Volcanic Eruption’s Green Lightning Explained By Atmospheric Scientist

redOrbit Staff & Wire Reports – Your Universe Online

Mysterious green lightning, seen emerging from an ash cloud in images of a May 2008 volcanic eruption in Chile, is likely more common than we realize, according to research presented Monday during the annual fall meeting of the American Geophysical Union in San Francisco.

Green lightning had not really been observed before photographer Carlos Gutierrez snapped photographs of the Chaiten volcano eruption, according to Olive Heffernan of National Geographic. The origin of the unusual phenomenon was unknown until Arthur Few, an atmospheric scientist and professor emeritus at Rice University, began investigating the unusual climatic event.

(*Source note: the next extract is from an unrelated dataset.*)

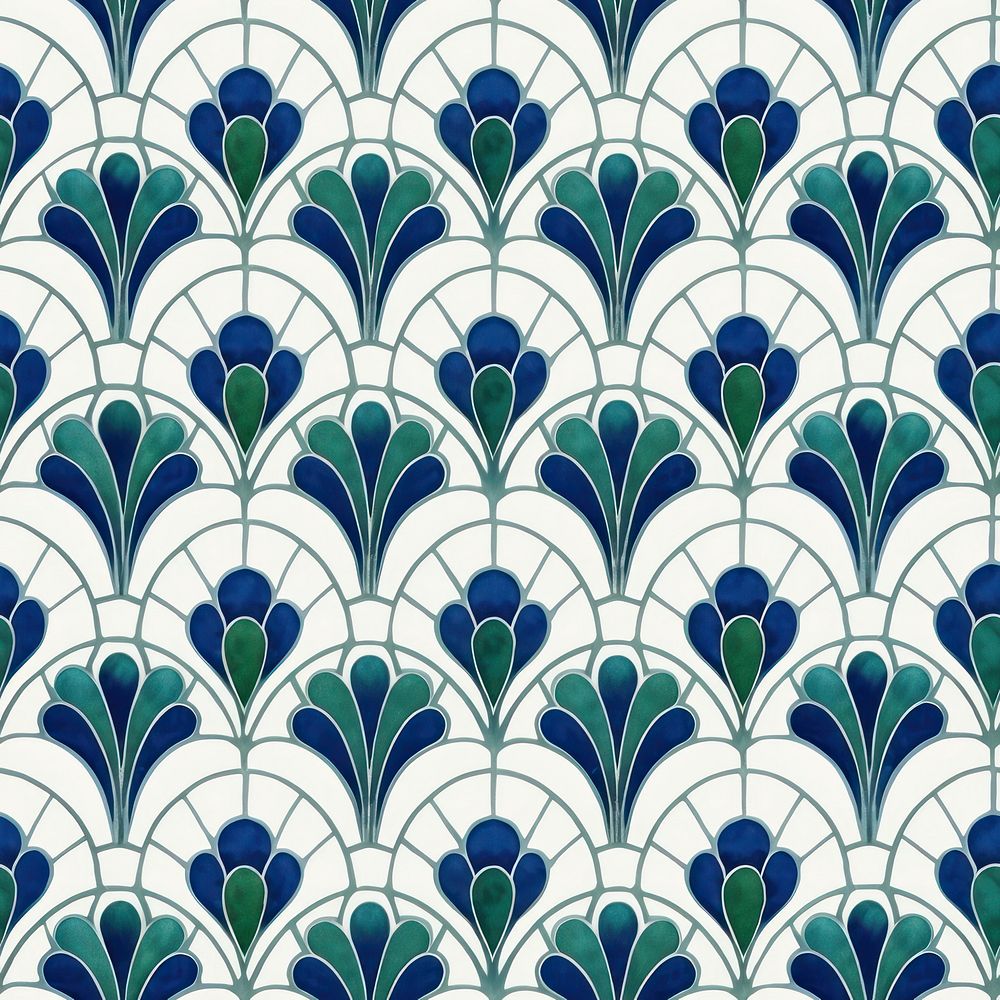 Peacock tile pattern graphics art floral design.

“I thought, ‘That’s funny; why don’t we see this in lightning storms?’” Few said during the conference. Few believes that the phenomenon is not all that unusual, said Larry O’Hanlon of Discovery News. He believes that it is more common than people realize, but is most likely hidden inside of regular thunderstorms.

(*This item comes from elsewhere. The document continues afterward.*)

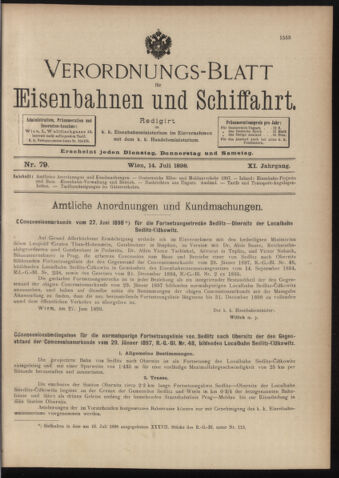 Verordnungs-Blatt für Eisenbahnen und Schiffahrt: Veröffentlichungen in Tarif- und Transport-Angelegenheiten 18980714 Seite: 1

“The concealment results from the structure of storm clouds,” Heffernan said. “On the inside, the clouds contain ice crystals that are either positively or negatively charged. Surges of electricity occur between positively and negatively charged regions within the cloud – lightning – but they remain inside, unseen by even the most committed storm chasers. In contrast, volcanic ash clouds carry their electrical charges on the outside, where they are sparked by fragments of rock forcefully ejected into the air during an eruption.”

What Few doesn’t understand, and is currently attempting to find out, is why the ash column produced during the Chilean eruption produced visible green lighting. For answers, he looked at other atmospheric phenomena which appear to be green, such as the northern lights. The aurora glows green, red and white when their oxygen atoms are excited by electrons originating from space. Above 100 km, the northern lights appear to be green.

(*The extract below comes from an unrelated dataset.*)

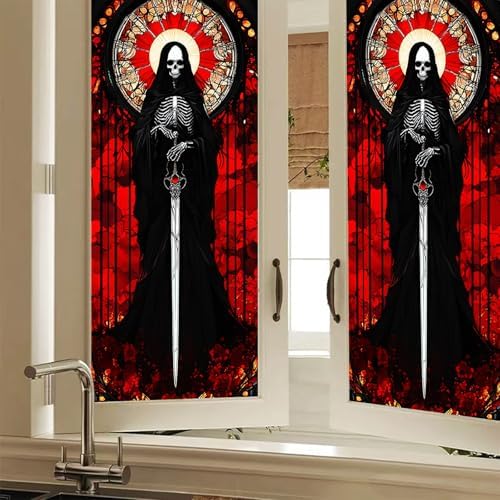 HOMETITUTE Halloween Reaper Gothic Privacy Window Cling 17.7x39.3 PVC by HOMETITUTE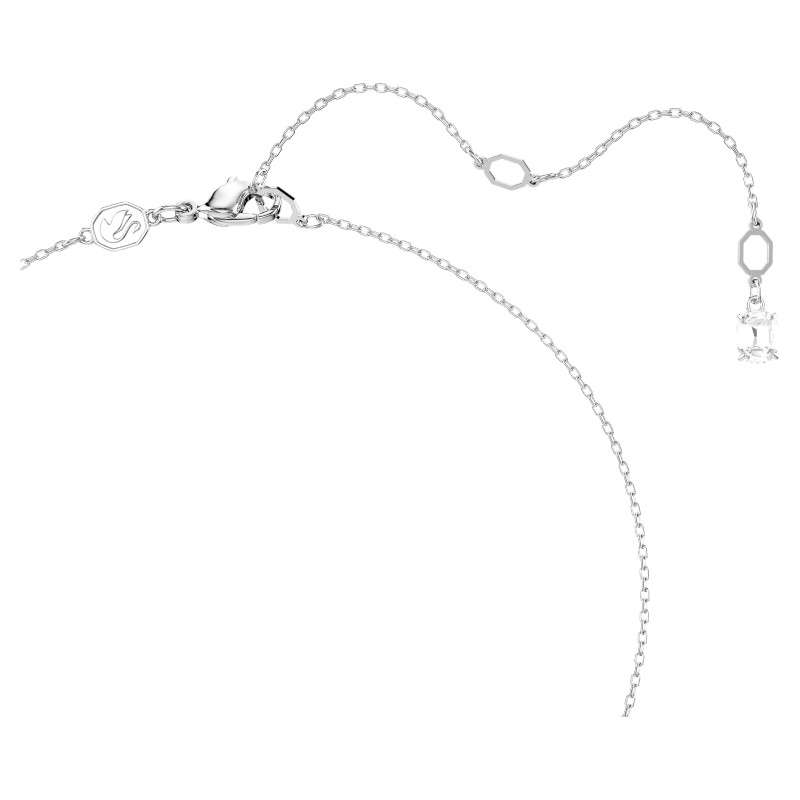 Swarovski Stilla Octagon Cut Pendant Necklace, White and Rhodium Plated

“My working hypothesis is that the green ones are actually streamers,” Few explained. Streamers are lightning bolts which are effectively “a positive channel being pulled to a negative charge” occurring higher up in the ash cloud. Essentially, the white lightning visible in the Chaiten pictures is a negative charge generating throughout the cloud and curving into its bottom, while the green lighting is the positive streamer that reverses the flow, O’Hanlon said.